2015 Oscar Academy Awards – Betting Game

Every year our friends get together and celebrate the pomp and circumstance surrounding the film and entertainment industry’s biggest night: the Academy Awards. If you like going to the movies and hold an opinion or two about what films are going to win – then we have a fun activity for you to do with your friends and family this Sunday February 22nd.

Let’s put our pride on the line.

Quite simply, its a document you print out, assign your predictions according to the rules, and use to follow along during the Academy Awards red carpet and awards ceremony. There are three distinct sections for you to earn points:

  1. Oscar Nominations (which film will win in each respective category?) – one choice per category
  2. Will It Happen? (will something happen during the television broadcast) – 7 votes to split between 4 categories:
    1. The Red Carpet (will someone get called out for wearing the same thing as another guest?)
    2. The Opening Monologue (Will Neil Patrick Harris incorporate song and dance?)
    3. Audience Reaction Footage (Will the camera cut to a shot of Stephen Hawking?)
    4. Acceptance Speech (Will an award recipient fall on their way up to the podium?)

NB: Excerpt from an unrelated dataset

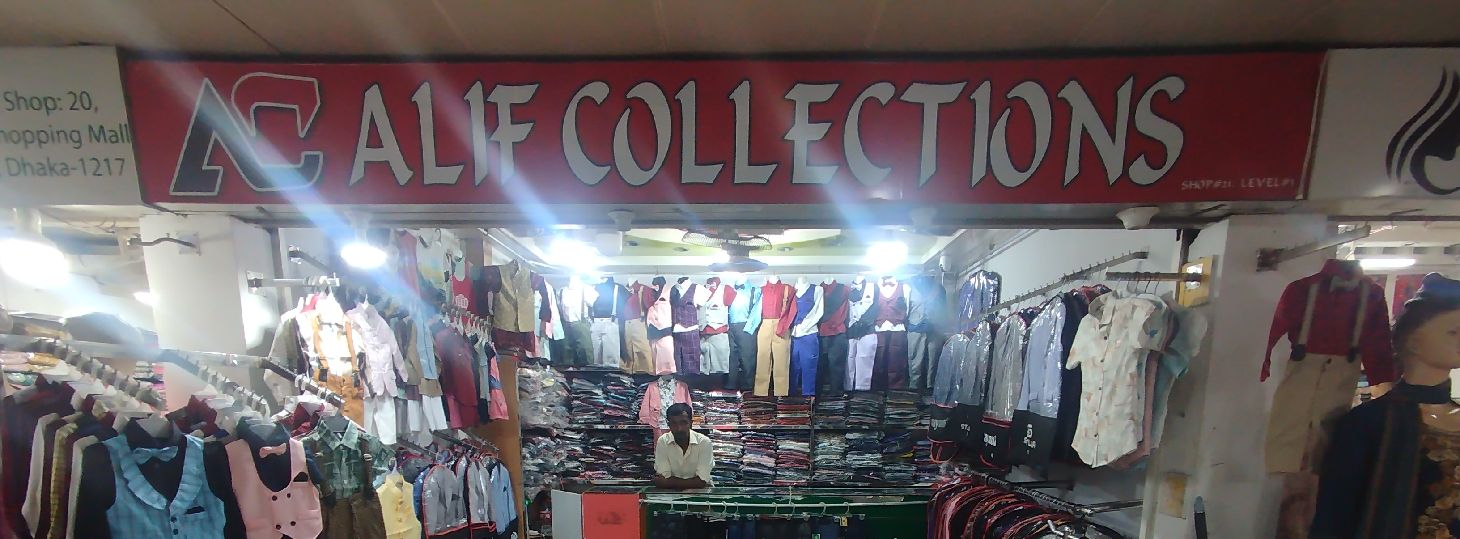 Alif Collections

The real fun happens when everyone is glued to the television to see if their predictions come true – and the loud arguments over: “Does a fist bump count if the bump-receiver leaves the bump-giver hanging and doesn’t connect?” Don’t say we didn’t warn you. 🙂

A chart depicting the number of points and multiplier for a category.“Yeah, but aren’t the Academy Awards incredibly predictable?”

Yes and no. And we’ve accounted for that concern.

Each category has a point value, and each option in that category has a multiplier value.

Think you’re going to win big by going with a sure-winner? Well, the Oscars is known for having some upsets, so you run the risk of not getting more points by playing things too safe.

Wait, where did these multipliers come from?

Our resident movie buff Matt Pachai has made sure that most popular odds and predictions have been incorporated: greater chance of winning = lower pay-out.